Nino Machaidze: Arias & Scenes

Preview of future roles from the coloratura soprano

Author: 
David Patrick Stearns
Nino Machaidze: Arias & ScenesNino Machaidze: Arias & Scenes

Nino Machaidze: Arias & Scenes

  • (La) traviata, ~, È strano! È strano!
  • (La) traviata, ~, Ah, fors'è lui
  • (La) traviata, ~, Follie! Sempre libera
  • (La) traviata, ~, Teneste la promessa
  • (La) traviata, ~, Addio del passato
  • Hamlet, Mais quelle est cette belle
  • Hamlet, A vos jeux, permettez-moi de grâce (Mad Scene)
  • (Les) Pêcheurs de Perles, '(The) Pearl Fishers', ~, Ma voilà seule dans la nuit
  • Thaïs, ~, Ah! je suis seule
  • Thaïs, ~, Dis-moi que je suis belle
  • Manon, ~, N'est-ce plus ma main
  • Menuets, ~, Toi! Vous!
  • (La) Bohème, 'Bohemian Life', ~, Quando men vò soletta (Musetta's Waltz Song)
  • Gianni Schicchi, O mio babbino caro

A star presence and an increasingly brilliant vocalist, Nino Machaidze has still some distance to go before she is a fully realised operatic artist. The voice accommodates a range of expression that encompasses the cynicism of Violetta’s Act 1 scene in La traviata and the naivety in ‘O mio babbino caro’ from Gianni Schicchi. Her vocal accuracy is considerably more assured than in her first arias disc (2011) – itself a step above the 2008 live DVD of Roméo et Juliette that brought her to international attention.

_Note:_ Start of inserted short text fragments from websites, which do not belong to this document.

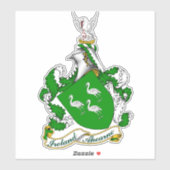 Ahearne Iers Wapen Gepersonaliseerd Sticker (Vel)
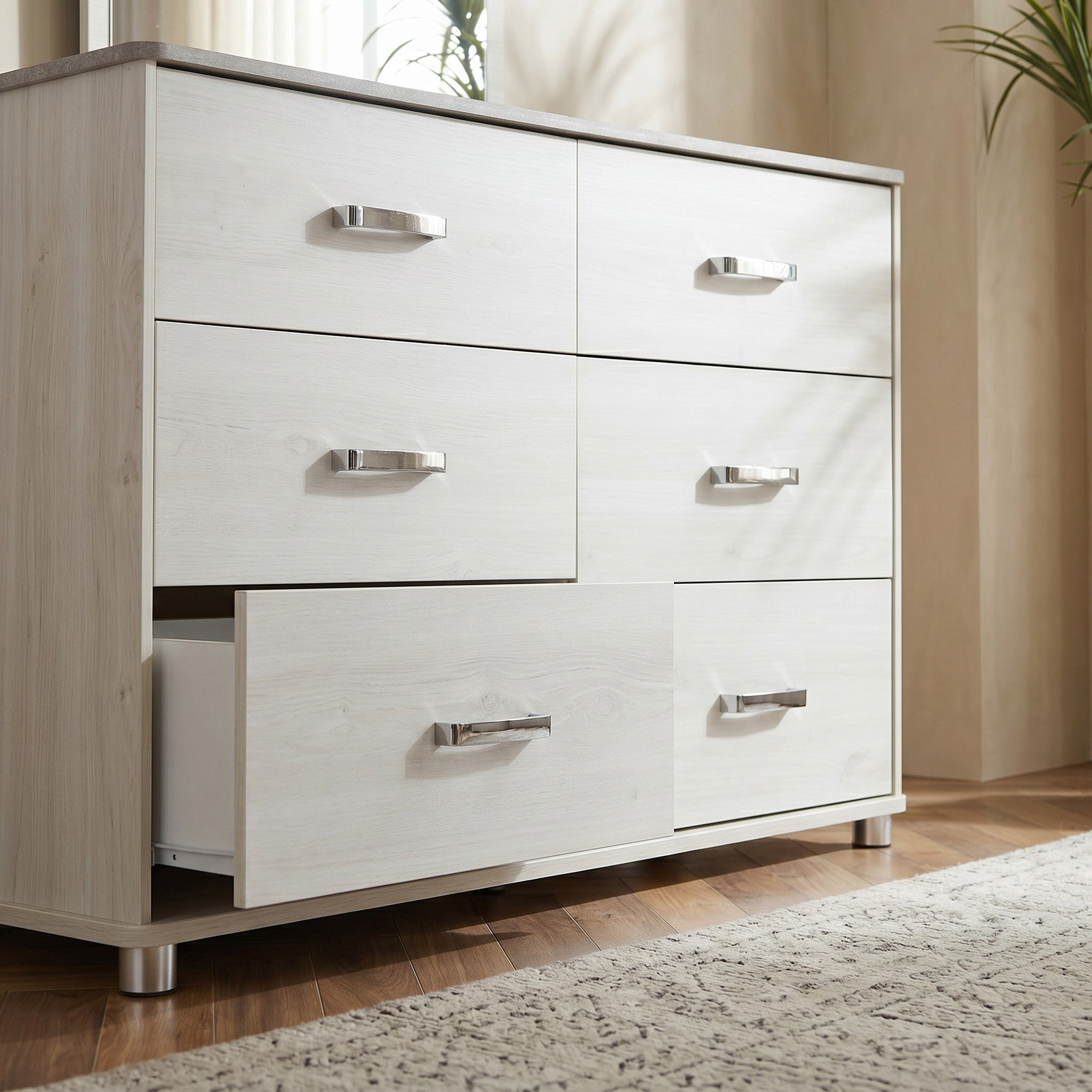 طقم غرفة نوم سوبر كينج 5 قطع - ألينا من موڤو  - 200x200 سم-hbxbedroom-bedsandbedsets-bedroomsets-superking-image-12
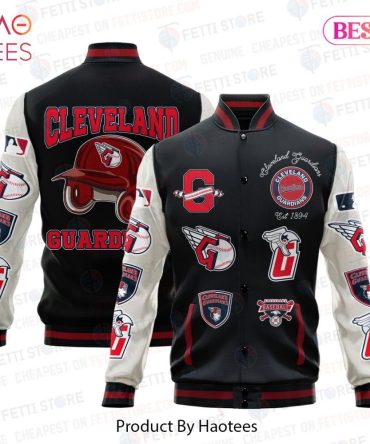 Cleveland Guardians Vintage Varsity Jacket – Stylish Fan Apparel By Haotees
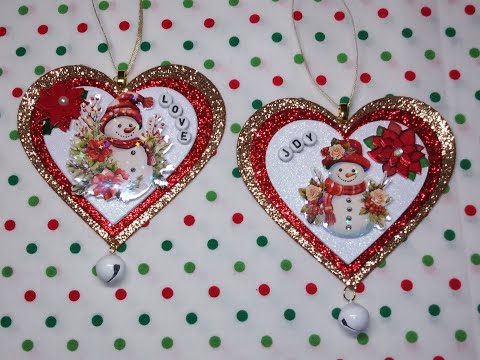 DIY~Make Sparkly & Simple Snowman Ornaments!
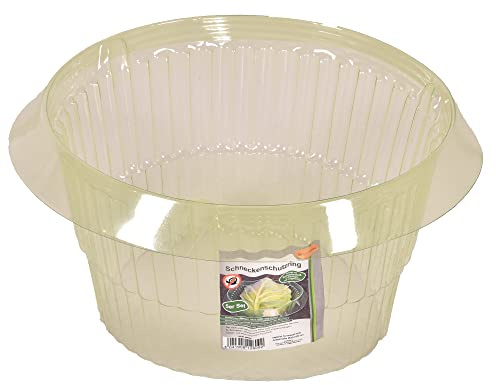 Novatool Schneckenkragen 20er Pack I Schneckenschutz Salatring Schneckenzäune Kunststoff I Abdeckhaube Pflanzen Gartenzubehör Schneckenabwehr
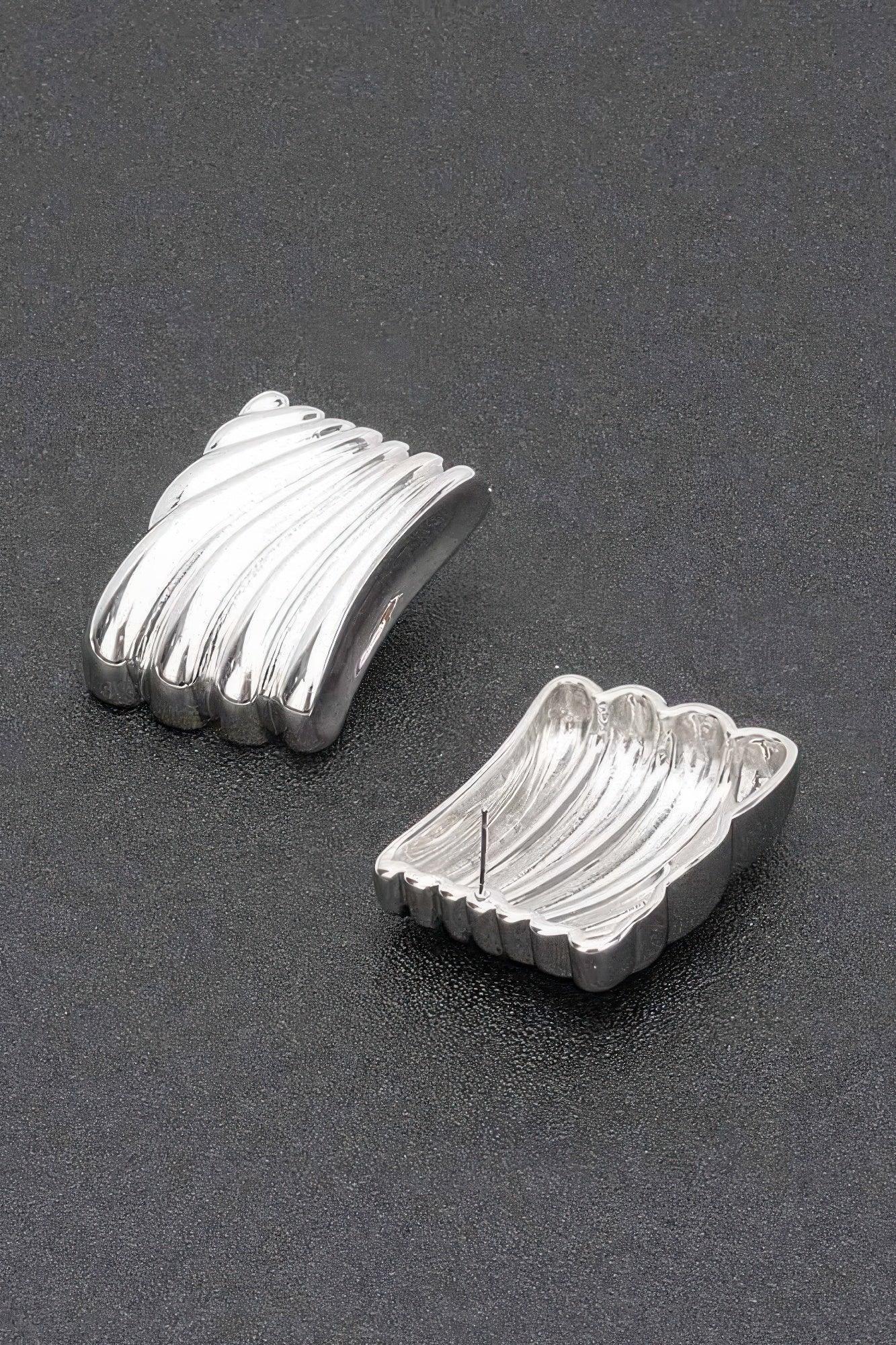 Gold Plated Metal Earring Secondary image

However, her diction – good in her lower range but sometimes non-existent in upper reaches – is just one manifestation of some inverted priorities. Technique rules her singing; dramatic concept is revealed only in intermittent flashes. She has certain ways of hitting notes – and does so remarkably – but it’s always her way, as opposed to the character’s way.

Such priorities are less noticeable in La traviata when the notes comprise such a detailed psychological blueprint of the character. With lesser composers such as the Massenet of Thaïs and Ambroise Thomas’s Hamlet, lack of strong dramatic concept makes the music seem like a succession of theatrical effects. Given the steely personality Machaidze projects, Ophelia hardly sounds mad, just a tad scattered. Machaidze’s vocal default is stentorian – the part of her voice that wears out its welcome in this 60-minute disc by the time she reaches the breezier repertoire such as Musetta’s ‘Quando m’en vò’ from La bohème. Daniele Gatti conducts attentively but without his stamp of artistry.

In the booklet-notes, Machaidze admits that many of these roles are new to her – a questionable tactic considering the benefits of stage seasoning. It’s also possible that she won’t completely come into her own until she gives up high-note repertoire. Might her future lie in the lyrical Wagner roles?